Here are glimpses of what the youth was to be, of what the man who long outlived him became. Here is the dignity which commands reverence,—a dignity which, with all Ralph Waldo Emerson's sweetness of manner and expression, rose almost to majesty in his serene presence. There was something about Charles Emerson which lifted those he was with into a lofty and pure region of thought and feeling. A vulgar soul stood abashed in his presence. I could never think of him in the presence of such, listening to a paltry sentiment or witnessing a mean action without recalling Milton's line,

"Back stepped those two fair angels half amazed,"

and thinking how he might well have been taken for a celestial messenger.

No doubt there is something of idealization in all these reminiscences, and of that exaggeration which belongs to the laudator temporis acti. But Charles Emerson was idolized in his own time by many in college and out of college. George Stillman Hillard was his rival. Neck and neck they ran the race for the enviable position of first scholar in the class of 1828, and when Hillard was announced as having the first part assigned to him, the excitement within the college walls, and to some extent outside of them, was like that when the telegraph proclaims the result of a Presidential election,—or the Winner of the Derby. But Hillard honestly admired his brilliant rival. "Who has a part with **** at this next exhibition?" I asked him one day, as I met him in the college yard. "***** the Post," answered Hillard. "Why call him the Post?" said I. "He is a wooden creature," said Hillard. "Hear him and Charles Emerson translating from the Latin Domus tota inflammata erat. The Post will render the words, 'The whole house was on fire.' Charles Emerson will translate the sentence 'The entire edifice was wrapped in flames.'" It was natural enough that a young admirer should prefer the Bernini drapery of Charles Emerson's version to the simple nudity of "the Post's" rendering.

* * * * *

The nest is made ready long beforehand for the bird which is to be bred in it and to fly from it. The intellectual atmosphere into which a scholar is born, and from which he draws the breath of his early mental life, must be studied if we would hope to understand him thoroughly.

When the present century began, the elements, thrown into confusion by the long struggle for Independence, had not had time to arrange themselves in new combinations. The active intellects of the country had found enough to keep them busy in creating and organizing a new order of political and social life. Whatever purely literary talent existed was as yet in the nebular condition, a diffused luminous spot here and there, waiting to form centres of condensation.

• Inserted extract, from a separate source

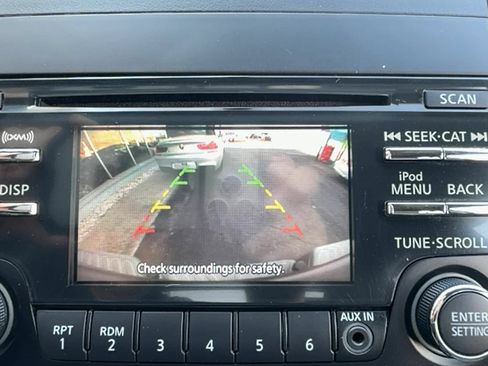 Used 2013 Nissan Frontier SV w/ SV Value Truck Pkg RWD image 10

Such a nebular spot had been brightening in and about Boston for a number of years, when, in the year 1804, a small cluster of names became visible as representing a modest constellation of literary luminaries: John Thornton Kirkland, afterwards President of Harvard University; Joseph Stevens Buckminster; John Sylvester John Gardiner; William Tudor; Samuel Cooper Thacher; William Emerson. These were the chief stars of the new cluster, and their light reached the world, or a small part of it, as reflected from the pages of "The Monthly Anthology," which very soon came under the editorship of the Reverend William Emerson.

The father of Ralph Waldo Emerson may be judged of in good measure by the associates with whom he was thus connected. A brief sketch of these friends and fellow-workers of his may not be out of place, for these men made the local sphere of thought into which Ralph Waldo Emerson was born.

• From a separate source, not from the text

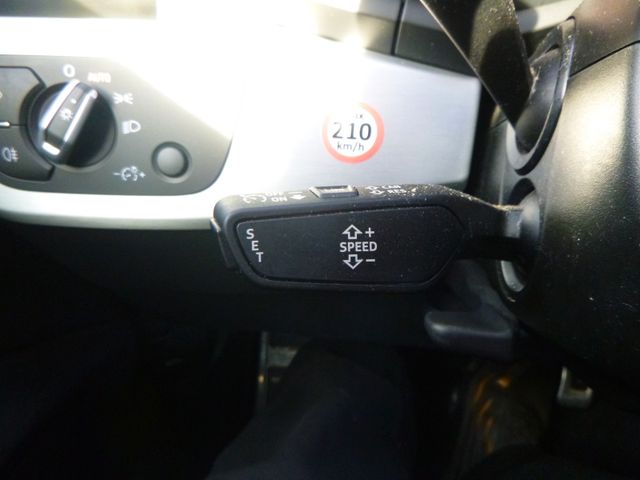 Fahrzeugabbildung Audi A5 35 2.0 TFSI, Sportback S line>Sport/LED/NAV<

John Thornton Kirkland should have been seen and heard as he is remembered by old graduates of Harvard, sitting in the ancient Presidential Chair, on Commencement Day, and calling in his penetrating but musical accents: "Expectatur Oratio in Lingua Latina" or "Vernacula," if the "First Scholar" was about to deliver the English oration. It was a presence not to be forgotten. His "shining morning face" was round as a baby's, and talked as pleasantly as his voice did, with smiles for accents and dimples for punctuation. Mr. Ticknor speaks of his sermons as "full of intellectual wealth and practical wisdom, with sometimes a quaintness that bordered on humor." It was of him that the story was always told,—it may be as old as the invention of printing,—that he threw his sermons into a barrel, where they went to pieces and got mixed up, and that when he was going to preach he fished out what he thought would be about enough for a sermon, and patched the leaves together as he best might. The Reverend Dr. Lowell says: "He always found the right piece, and that was better than almost any of his brethren could have found in what they had written with twice the labor." Mr. Cabot, who knew all Emerson's literary habits, says he used to fish out the number of leaves he wanted for a lecture in somewhat the same way. Emerson's father, however, was very methodical, according to Dr. Lowell, and had "a place for everything, and everything in its place." Dr. Kirkland left little to be remembered by, and like many of the most interesting personalities we have met with, has become a very thin ghost to the grandchildren of his contemporaries.